Image-text web data
- Opening Delimiter -

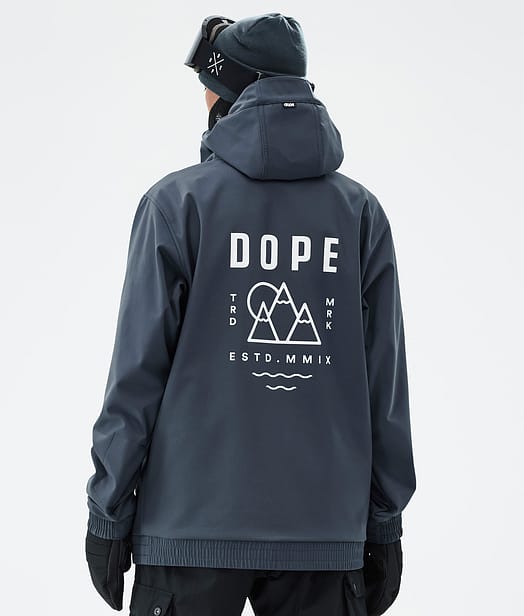 Dope Yeti Veste Snowboard Homme Metal Blue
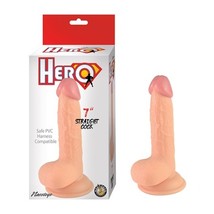 Hero 7-in Straight Cock Dong - $40.74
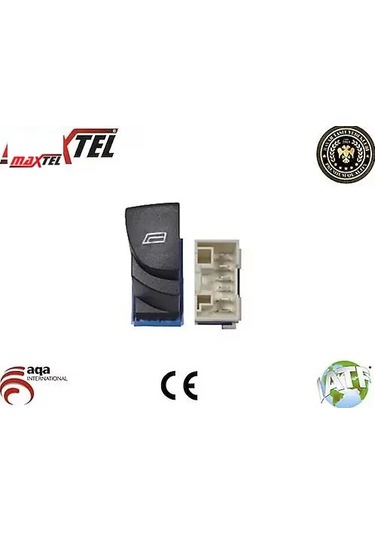 Cam Açma Düğmesi Ön Sağ Boxer-ducato 02-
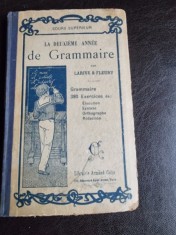 La deuxieme annee de grammaire - Larive et Fleury foto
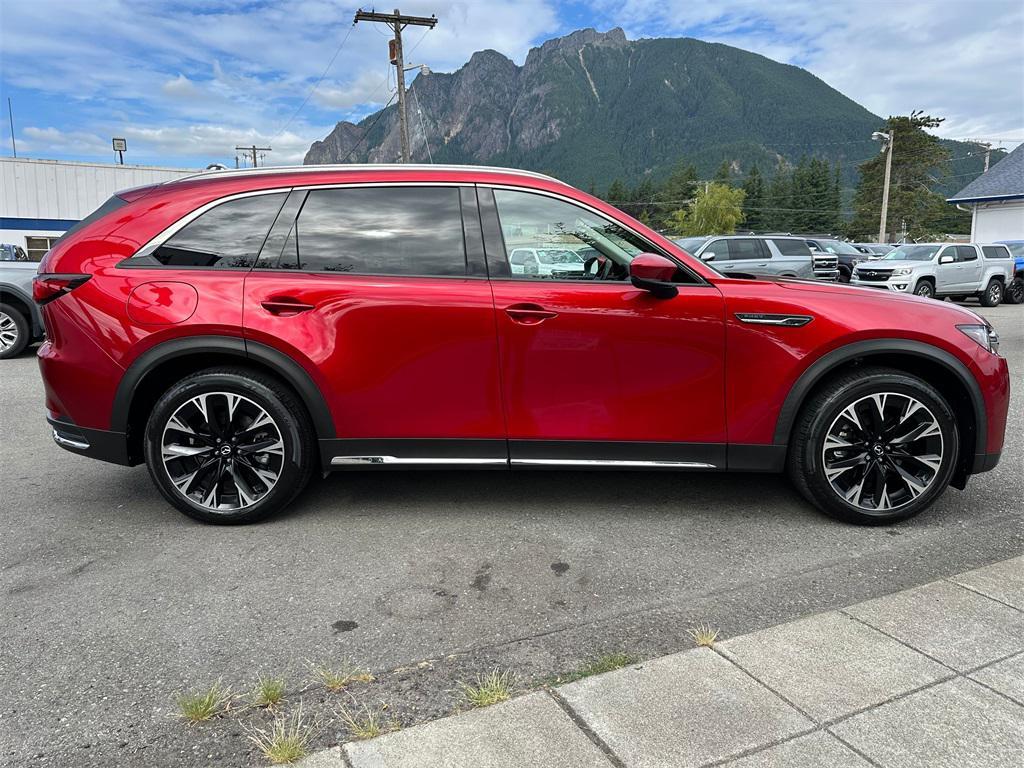 used 2024 Mazda CX-90 PHEV car, priced at $35,250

- Closing Delimiter -

To do ▸ What is needed is an exact copy of the lines from the line with "Cam Açma Düğmesi" to the end of the data above, both included, without any pictures.

Answer for this exercise ▸
 Cam Açma Düğmesi Ön Sağ Boxer-ducato 02-
 La deuxieme annee de grammaire - Larive et Fleury foto
 used 2024 Mazda CX-90 PHEV car, priced at $35,250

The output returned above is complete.